El entierro del conde de Orgaz ou "y'a pas du rab?"

Quand on était des d’jeunes, mon amoureux et moi, on a visité l’Espagne. A Tolède, on se serait arraché un bras avec les dents plutôt que de rater, le fameux tableau « El Entierro del conde de Orgaz », du Greco.
C’est à cause du guide Michelin. Trois étoiles, qu’il avait mis, Monsieur Bibendum. Alors, nous, on s’est levé de bon matin et on a fait la queue.
On était pas trop riche alors on s’est dit, c’est gaspacho OU el Greco.
On a choisi El Greco (pas sûr que je ferais le même choix maintenant…)
On a fait la queue.
Et puis une grosse bonne femme très moustachue nous a fait signe de la suivre. Soudain, on était dans une pièce d’environ 5 m2. La senora a alors tiré un rideau et s’est écriée, solennelle : « EL ENTIERRO DEL CONDE DE ORGAZ ! OLE ».
Devant nos yeux ébaubis, UN tableau, un seul. Et puis, vous l’avez vu, vous ne le verrez plus, paf, elle a tiré le tissu dans l’autre sens et nous a poussés vers la sortie, comme chez le psy, par derrière, pour ne pas que tu rencontres tes collègues de travail. Sauf que là, c’était pour que tu ne dises pas aux autres clampins-amateurs d’art : « Attencion, povros connardos, vous allez dépensado vos derniers pesetas et pis c’est l’arnaqua ! ».
Attention, ce n’est pas que je sois une adepte de Monsieur Katbury (je ne sais pas comment ça s’écrit, son petit nom, au fabriquant de chocolat radin) en matière d’art, non, je n’ai pas besoin d’être gavée, mais quand même… Ca m'a fait comme quand tu passes deux heures à te faire jolie pour aller en boum, t'arrives , tu le lances dans un slow langoureux et puis les parents débarquent, ouvrent en grand les portes du garage et te demandent si des fois t'aurais pas des maths à faire.
Il y a deux jours, nous avons vécu une expérience similaire. Comme quoi, on n’apprend jamais rien …

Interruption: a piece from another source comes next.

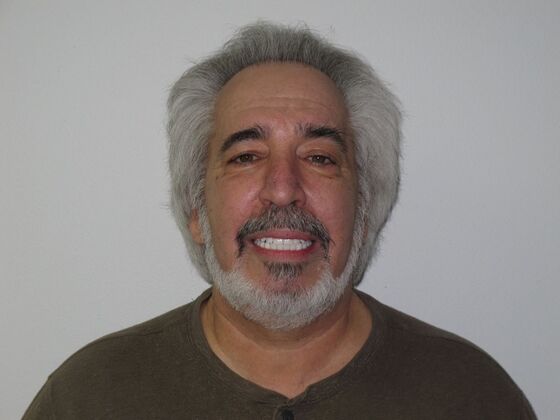 Full Mouth Implants: 10-Year Full-Mouth Implant Result That Still Feels Natural - After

Nous sommes allés à Delme, dans l’ancienne synagogue transformée en galerie d’art. Pour y voir une expo, celle de JEPPE HEIN. Comme le dit l’artiste : « This exhibition in in some way a contribution to the beauty, the ugliness, the stupidity and the cheerfulness in life » (je me suis empressée de lire les petites lettres en dessous, ouf, c’était la traduction : « Cette exposition est en quelque sorte une contribution à la beauté, la laideur, la stupidité et la gaieté dans la vie ».. Ben ça me disait bien de voir ça.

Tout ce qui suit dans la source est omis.